Vidéotron also argued that regulation by the Commission does not eliminate the need for written contracts. By way of example, Vidéotron noted that, although regulation may affect the terms and conditions of telecommunications service contracts, it does not, however, alter the commercial requirement for comprehensive written contracts for service with telecommunications carriers. Vidéotron further submitted that the Commission's regulatory framework for inside wire does not preclude BDUs from entering into written contracts as long as the terms and conditions of those contracts are not unduly preferential.

31.

Vidéotron also submitted that ExpressVu, Cable VDN and Look have refused to state clearly that they have accepted CQMI's 10 October 2002 offer or to recognize that they are under a contractual obligation to pay monthly inside wire usage charges to CQMI. Vidéotron reiterated its request that the Commission clarify that, without a clear acceptance of CQMI's 10 October 2002 offer, Vidéotron would be under no obligation to ensure that CQMI allows BDUs to use its inside wire.
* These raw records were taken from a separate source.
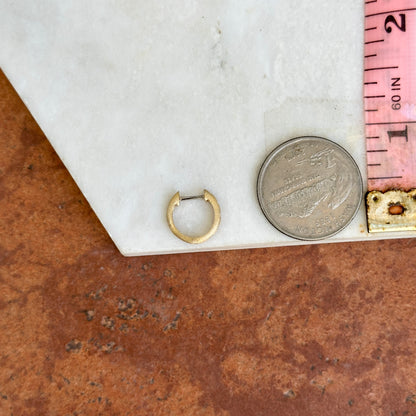 14KT Yellow Gold Brushed Round Diamond Round Huggie Earrings - LSJ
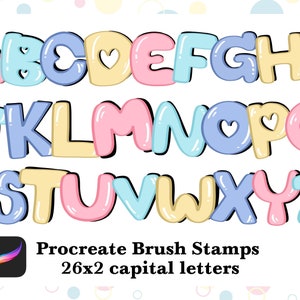 Conjuntos de pinceles para Procreate de 26 x 2, bonitos sellos de alfabeto para uso comercial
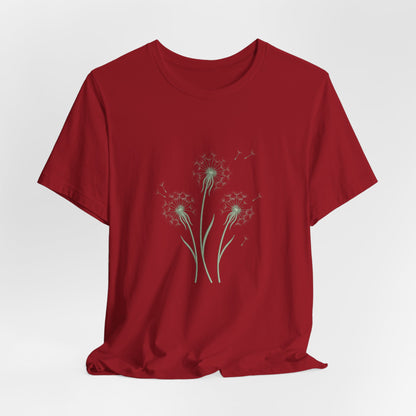 Dandelion Seed Trio Tee | Minimal Botanical Floral ShirtTricou Personalizat Păpădie Minimalistă | Bella Canvas® 3001 Bumbac Premium Unisex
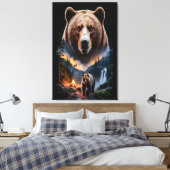 Two bears in the forest dark 5 canvas afdruk (Insitu (Slaapkamer))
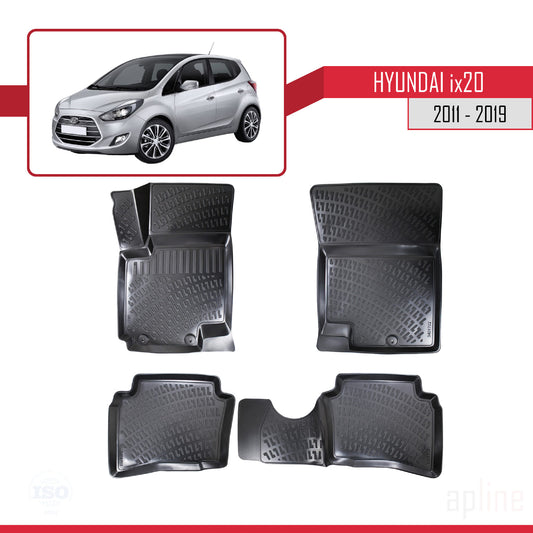 Compatible with Hyundai ix20 (JC) 2011-2019 4D Car mats Black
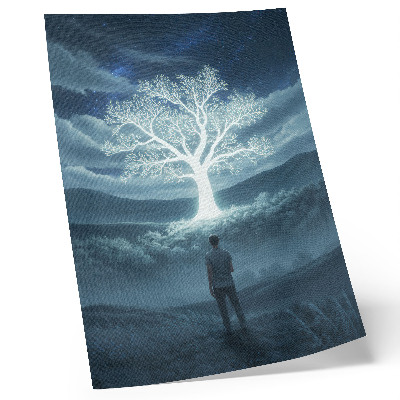 Decoratieve poster Een magische boom tegen de achtergrond van een nachtelijk landschap.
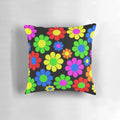 Colorful vintage-inspired pillow with a hippie daisy flower pattern
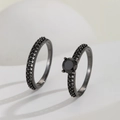 Minimalist black plated copper ring set with micro-pave black zircon and round center stone - US 7 / Black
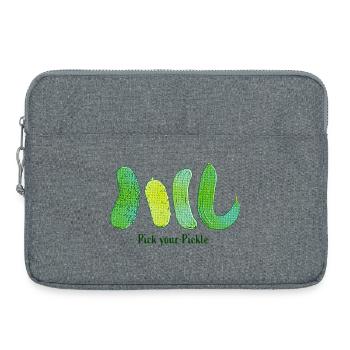 Pick Your Pickle: Green Cucumber Art - Laptop bag 15" - heather grey - Front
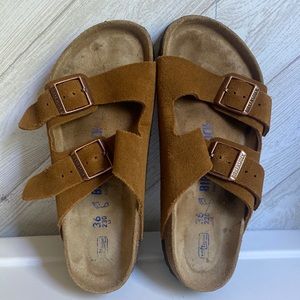 Birkenstock Arizona brown suede sandals 36 regular soft footbed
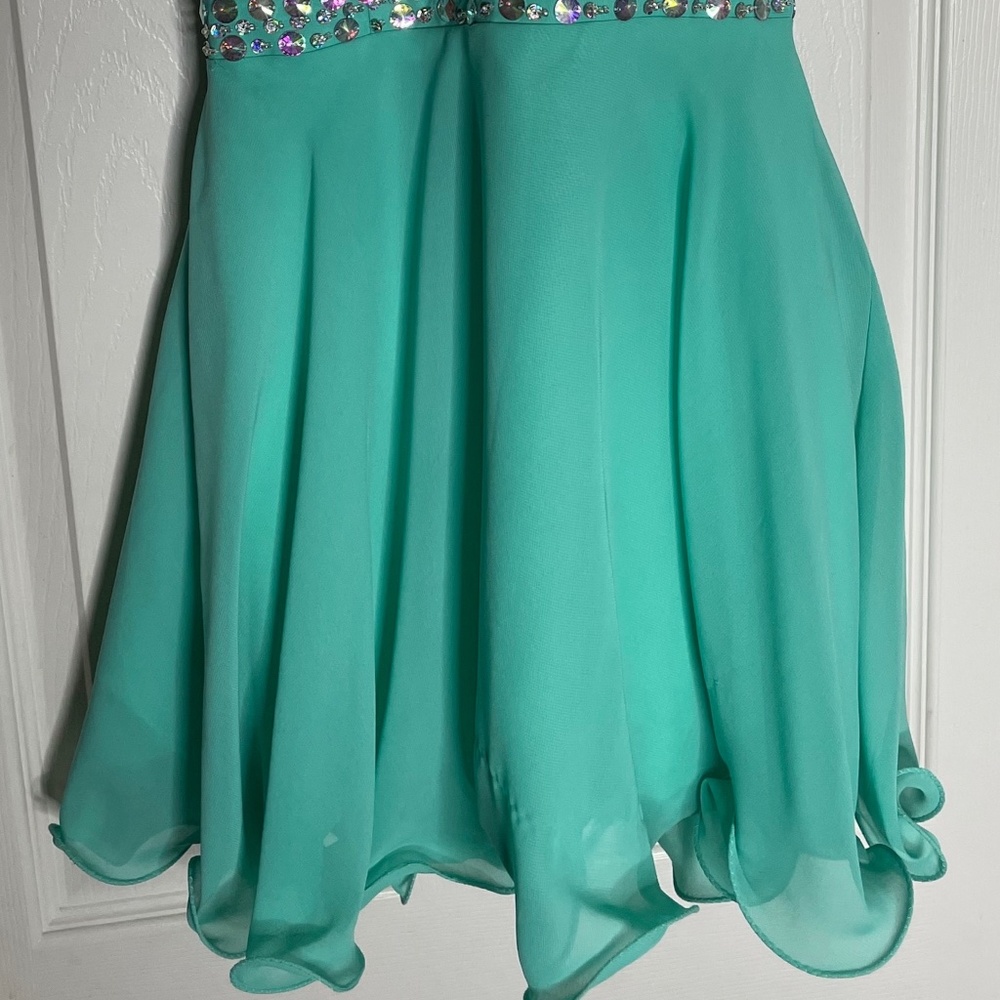 EUC! Top Dress Aqua Jewel / Sequin Tulle Party Dress Short Homecoming Prom - Picture 3 of 3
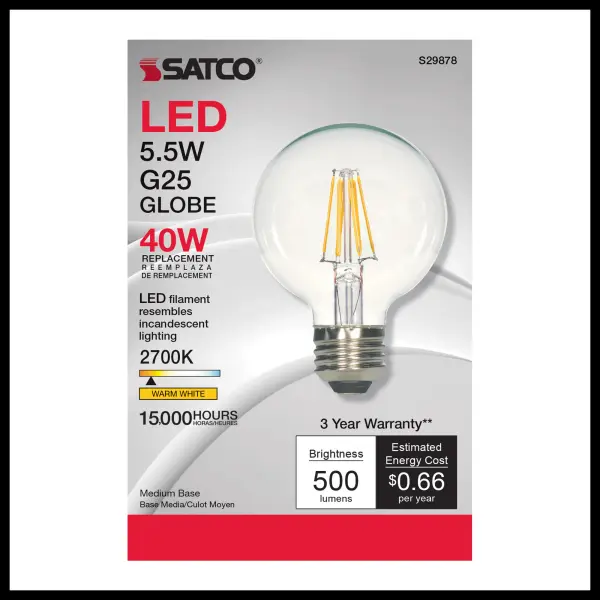 5.5 Watt G25 LED Filament - Clear - Medium base - 2700K - 500 Lumens - 120 Volt - Image 2
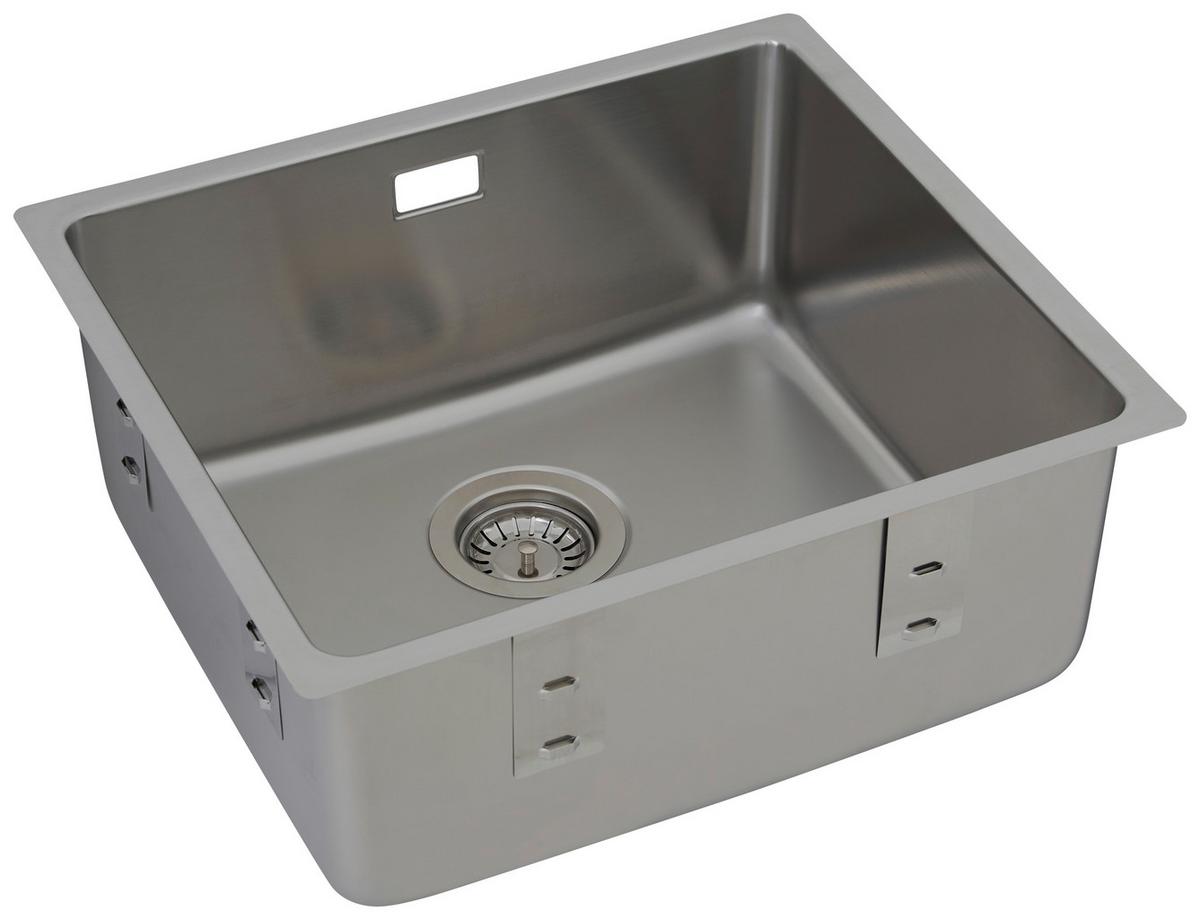 Spüle Respekta Inox Edelstahl Bxt: 49x44 cm - Edelstahlfarben, Trend, Metall (49/22,5/44cm) - Respekta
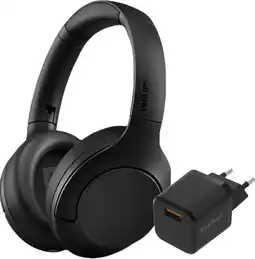 Coolblue Philips TAH8506 Noir + BlueBuilt Quick Charge Chargeur avec Port USB-A 18 W Noir aanbieding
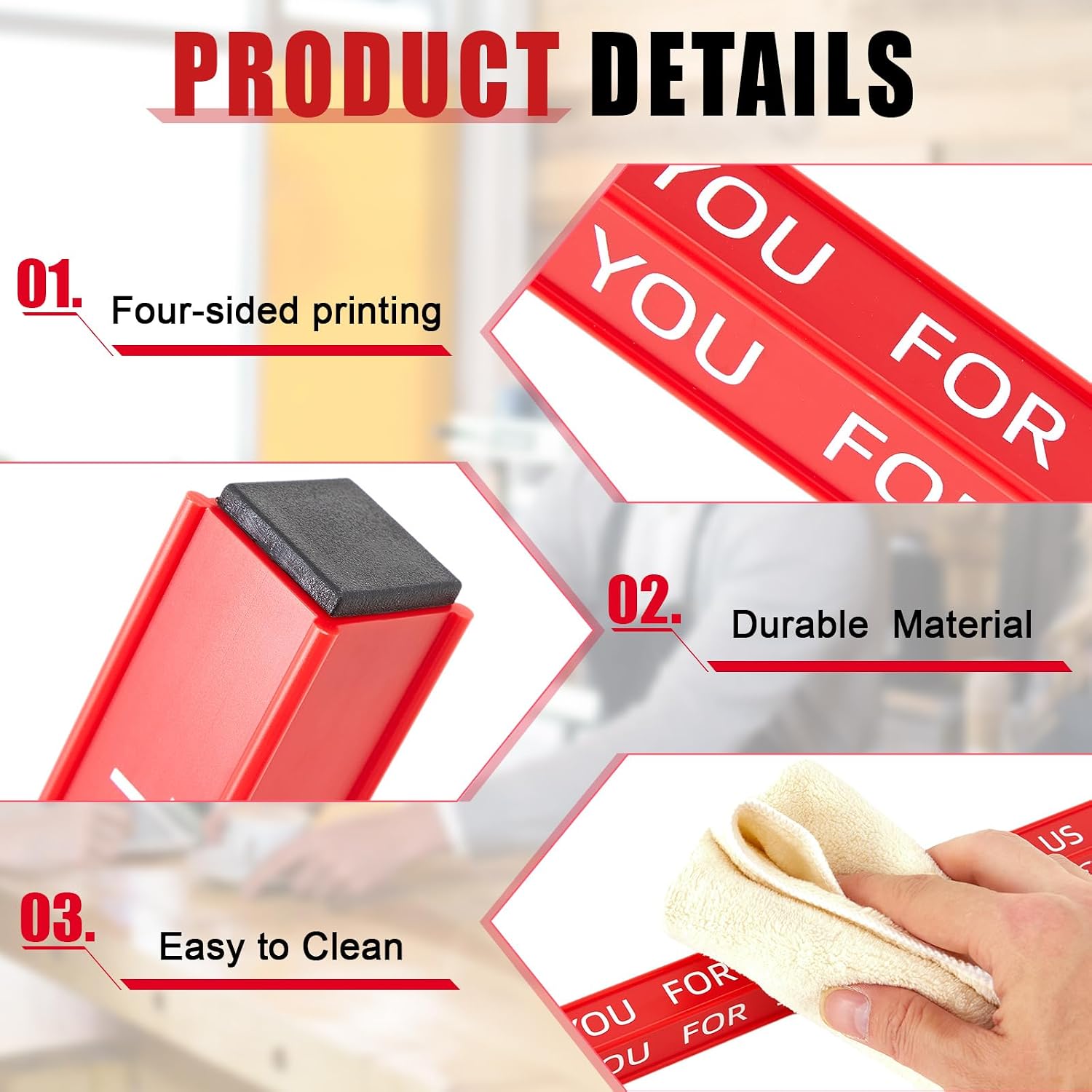 Teenyyou 2 Pcs Checkout Lane Divider Cash Register Dividers - Thank You for Shopping with Us Today- Red Resin Tabletop Checkout Lane Belt Divider for Grocery Store Supermarket Shop, 16" x 1" (Square)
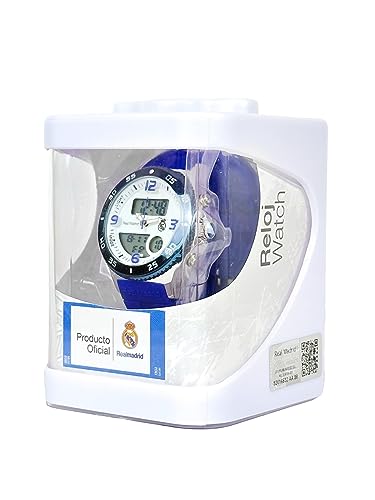GRUPO MUNRECO Real Madrid RMD0014-05, Children's Watch for Boys, Quartz, Analog and Digital, 3 ATM - Real Madrid Collection, Calendar, Stopwatch, Alarm, Light, Blue, 40 mm, Strip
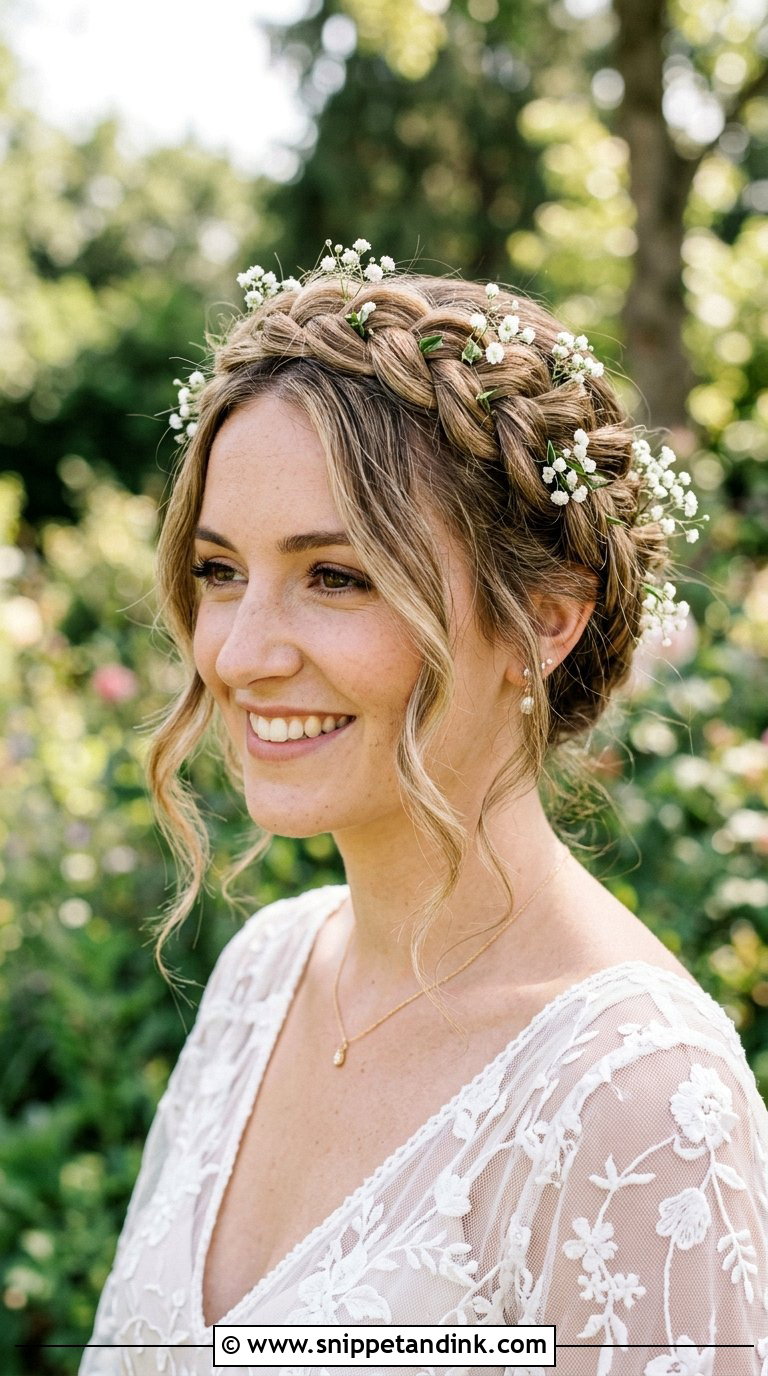 Boho Braided Crown for Weddings - Snippet and Ink - 20 Casual Wedding Hair Ideas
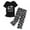 A-Black291, variant on Sloth Letter Print Pajama Set for Women Short Sleeve Crewneck Capri Sleepwear Set Soft Casual Relaxing Pajama Sets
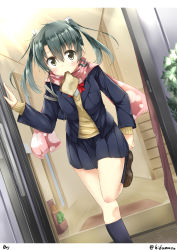 Rule 34 | 10s, 1girl, alternate costume, black skirt, black socks, blazer, blush, bread slice, brown eyes, brown footwear, contemporary, doorway, dutch angle, food, food in mouth, hair ribbon, hino (2nd life), jacket, kantai collection, kneehighs, leg up, loafers, looking at viewer, miniskirt, mouth hold, open door, pleated skirt, ribbon, scarf, school uniform, shoes, skirt, socks, solo, standing, standing on one leg, sweat, sweatdrop, toast, toast in mouth, twintails, twitter username, zuikaku (kancolle)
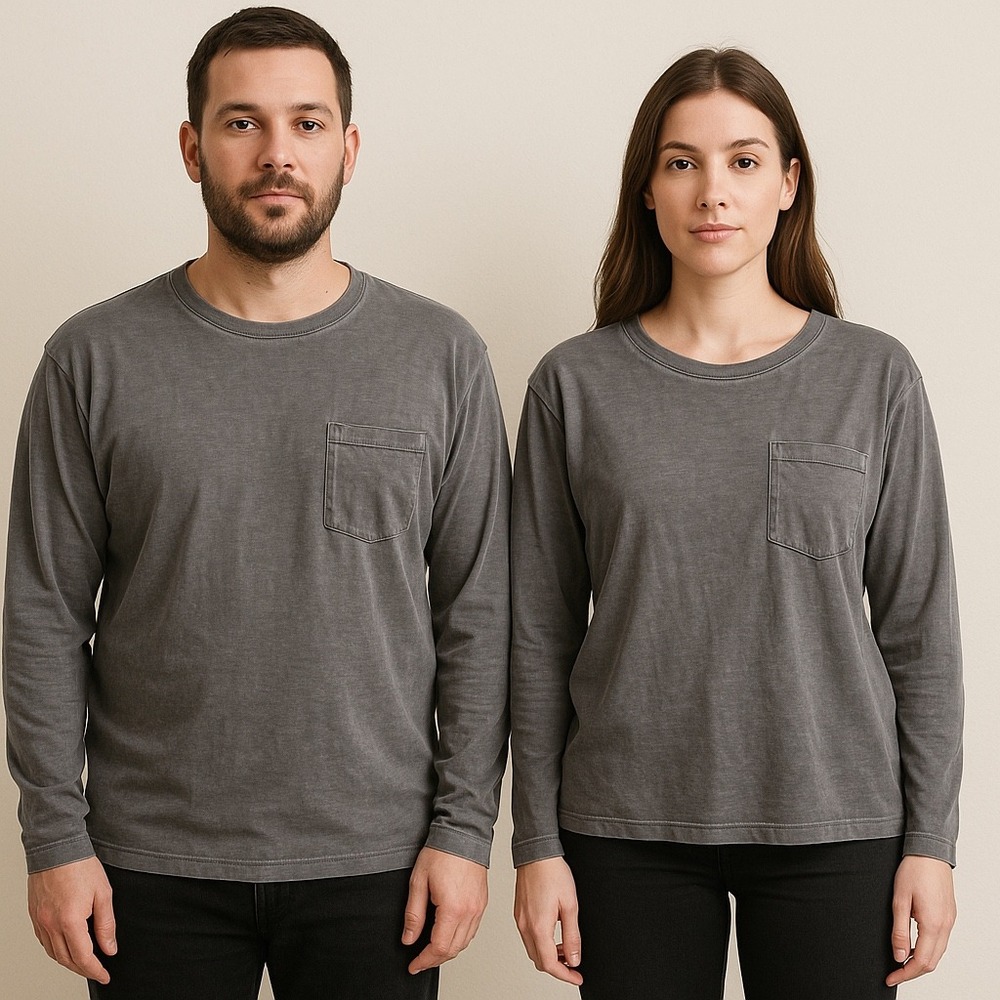 Livergy Washed‎ Gray Long Sleeve Tee Men XXL / Women Oversized 100% Cotton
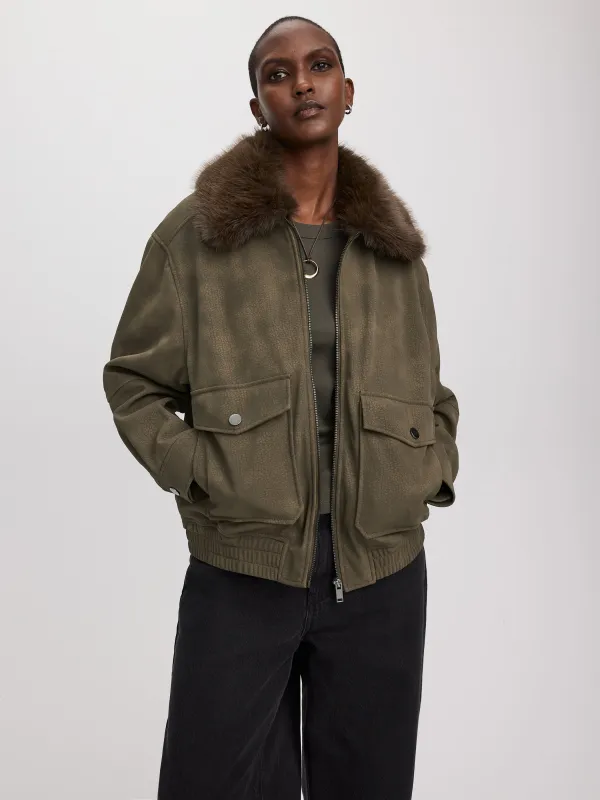 Bomber Jacket with Removable Faux Fur Collar made by Reitmans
The Commission`s analysis and determinations

What criteria should be used to evaluate Vidéotron's application?

32.

In its comments, Look noted that the Commission has not established specific criteria for assessing applications for reconsideration of a mandatory order issued pursuant to section 12(3) of the Act, and suggested that the Commission apply the same criteria that it uses to decide whether to review and vary decisions made pursuant to the Telecommunications Act. In its reply, Vidéotron submitted that, under section 12(3) of the Act, it is entitled to apply for reconsideration of the mandatory order. Vidéotron did not, however, address the issue of whether or not its application should be evaluated in the same way as an application to review and vary a decision made pursuant to the Telecommunications Act.

33.

The Commission has not developed criteria for dealing with reconsideration and variance applications under the Act. However, after reviewing Vidéotron's application, the Commission considers that Vidéotron is not requesting a change to any of the findings set out in Decision 2002-299, but is rather seeking further orders related to various aspects of Decision 2002-299 and of the Mandatory Order attached thereto to assist it in implementing Decision 2002-299 and the Mandatory Order. The Commission therefore finds that it is not necessary to address the issue of criteria for evaluating applications to reconsider and vary decisions made under the Broadcasting Act in order to deal with Vidéotron's application.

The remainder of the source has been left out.